She said the baskets are a tangible item that the center can offer a pregnant woman, especially one who is considering abortion. The center stands ready to support both the woman and her child.

The welcoming entrance of the Carlisle Area Family Life Center, located downtown on Hanover Street.
Jackie Philips, director, and Cindy Cervi, associate director, display some of the “Baskets for Babies” items, supported through grant from the Diocese’s Matthew 25 Collection.

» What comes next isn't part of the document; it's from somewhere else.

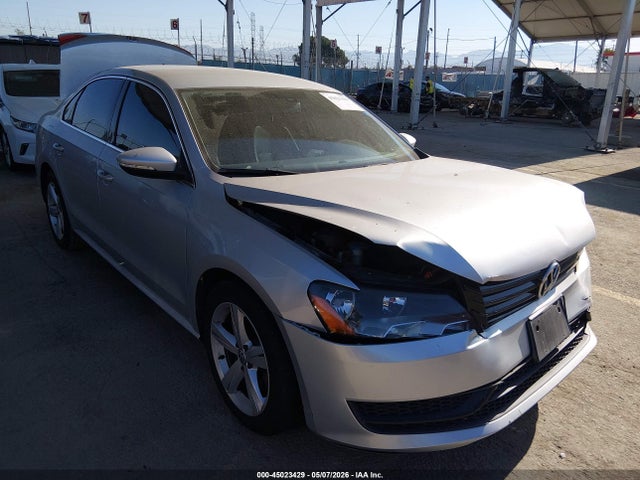 2012 Volkswagen Passat 2.5l Se მანქანა იყიდება აუქციონზე, vin: 1VWBP7A30CC042111, აუქციონის ნომერი: 45023429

“We can show her a basket and say, ‘If you give your child life and choose to parent them, we can give you all the basic supplies you’ll need for your baby, and we’ll help you take care of him or her, with diapers twice a month and formula when you need it, along with clothing and other items,’” she said.
“We want to show the families that we are here for them,” she remarked.

Empowering Clients

Joann Centenera has been volunteering at the center for the past 12 years. She said she cried the first time she walked into the supply room and saw the stacks of diapers and stocks of formula.
The idea that families struggled to buy basic supplies for their babies brought her to tears.
“It just hit me that these were things most people take for granted, and there are people out there who don’t have these basics readily available to them,” Centenera said.

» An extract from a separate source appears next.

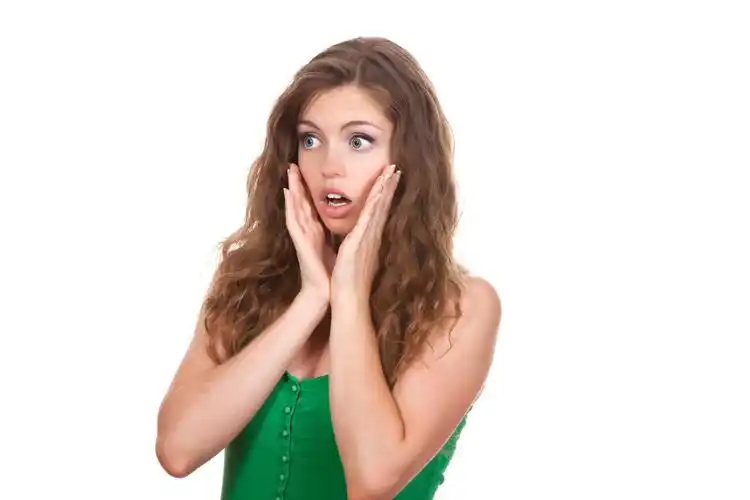 人像半身漂亮欧美女人人物特写震惊圣诞女郎惊喜表情震惊可爱男婴带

She said it’s rewarding to serve with a program that directly helps people in her community. In addition to distributing maternity and infant supplies, the Carlisle Area Family Life Center offers community referrals and resources, sharing with clients a three-page list of partners in the community.
“To be able to put that information into the hands of the people who need it, for me, is an added reward of volunteering,” Centenera said. “We are empowering them. By giving them information, they can make the decisions for what they need in their lives.”
“Empowerment” is an important word at the center. Staff and volunteers understand that it’s not always easy for their clients to ask for help.

Clothing, blankets and other baby items are distributed at the center, which also offers maternity items, ultrasounds, referrals and counseling.

“We do see a fair share of moms who are reluctant to ask, because they don’t want to feel like they’re needy,” Centenera said. “But we always reassure them, ‘This is what we’re here for. Don’t ever feel like you’re being a burden.’”
The center is non-denominational, and assists anyone seeking pregnancy resources.
“We try to reassure them and let them know we can help,” said Cindy Cervi, associate director. “Sometimes especially the men will say, ‘I should be taking care of my family. I can’t believe we’re here for help.’ We tell them, ‘This is what we’re here for, and maybe you can pass that help on. If you see someone else who needs help later, maybe some of the clothes we give you today, you can give to someone in need when your child outgrows them.’”
“It is a great privilege and a great honor to serve our clients,” Cervi said. She recounted instances of abortion-minded women who changed their minds after seeing their ultrasound, of maternity wear provided for pregnant women outgrowing their clothes, and of referrals given to young couples in need of housing.
“We are welcoming and non-judgmental when they walk in these doors. We are here to serve them, to bless them and to encourage them on their journey of parenting,” Cervi said.
Stout and Spangle said they have witnessed the caring and non-judgmental welcome first-hand.
“The staff here is amazing, and very helpful,” Stout said.
“I think they are some of the most wonderful people,” Spangle said of the staff and volunteers. “They are kind and helpful. They never make anyone feel uncomfortable for needing help, or asking for help.”